Our waiter brought us more Negro Modelo, and when I glanced again at the three of them, I saw that after the departure of their four friends, they were no longer turned inward upon themselves, making their own closed world of talk but were now aware of what was around them. They had become interested in us. The redhead, staring at us, said something inaudible to the others. The boy laughed and laughed. The big-shouldered girl in the blue glasses did not react. It was idle interest, and we were fair game, Business types.
Establishment. She was pretty good at her little jokes. She kept the boy laughing, never taking her eyes off me. The quite obvious intent was to make me uncomfortable, and if they could get a reaction it would improve the game. So I provided the reaction.

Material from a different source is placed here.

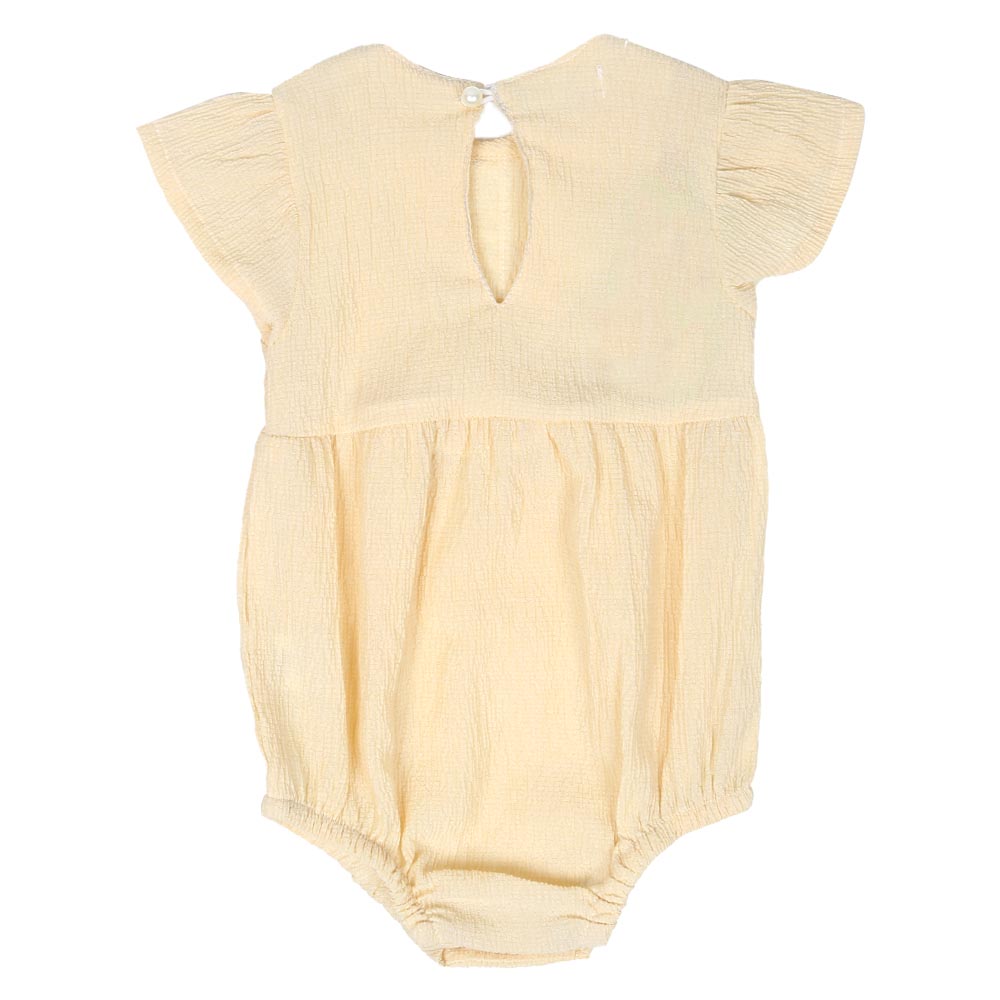 Infant Girls Woven Romper PomPom - BEIGE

I gave Meyer a warning wink and got up and walked over to them, properly stuffy and irritated, and said, "Something seems to be very, very funny. How about letting me in on it?"
They were delighted. The victim had walked right up to the gun. The skinny boy took it. He said, "Think maybe big tourist fella like to make bangbang with nice clean American college girl? This one here name Jeanie. Nice big strong girl. Three hundred pesos maybe? Take her up to your room right now, big fella. She give you a good time. She likes you. Right, Jeanie? you like the big fella, sweetie?"

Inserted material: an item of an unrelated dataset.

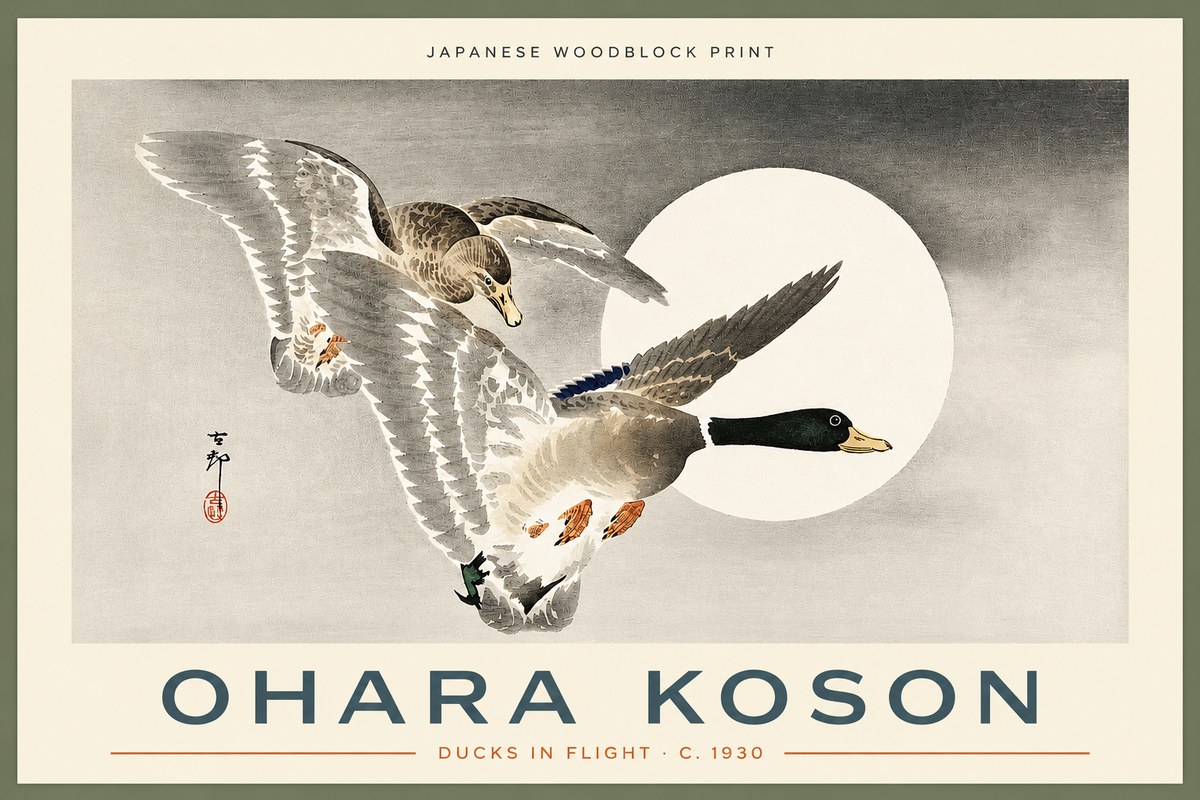 Ohara Koson Ducks in Flight No2 - Affiche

The girl's head turned very slowly and I could not see her eyes behind the blue lenses as she looked up at me. I pulled the extra chair out and sat down. The skinny boy and the redhead waited in mildly pleasurable anticipation for the shocked reaction. This was called blowing the mind of the random member of the establishment. I let my mouth sag in stupefaction as I appraised them, looking for clues to the best approach. At such close range they were far less attractive than at a distance. The bigger girl looked less muscular, more suety, and smelled slightly rancid. There was grime in the creases of the redhead's neck, and stains on the front of her Indian shirt. The dark boy's hands were filthy. The two pair of eyes I could see were not quite right. They were subtly out of focus, with that slightly glassy and benign look of the mind behind the eyes being skewed a degree or two off center.
There were several ways to go with it. I picked the one I thought might sting the most. I shoved my chair around so that I could call to Meyer and at the same time keep the edge of my eye on the trio.
"Hey Charley!" I called to Meyer.
"What do you want?" he yelled.
I said to the trio, "My buddy is
a little hard of hearing." I raised my voice to a pitch that startled the serape sellers. "Charley, there's nothing here worth fooling around with. The big one with the the shades he wants twenty-four bucks for. The redhead would maybe go for thirty. But, honest to God, Charley, they're both of them so damn dirty it would turn your stomick. The redhead has spilled food down her shirt, and you should see her neck."
"Knock it off!" the boy said in a pinched little voice.
"Charley, the big one here is named Jeanie, and she doesn't take baths. And all three of them are stoned out of their skulls on something. The kid has got the dirtiest hands I ever seen. Scrawny little bastard. If you ever could get him cleaned up, I don't think even old Crazy Eddie would grope him."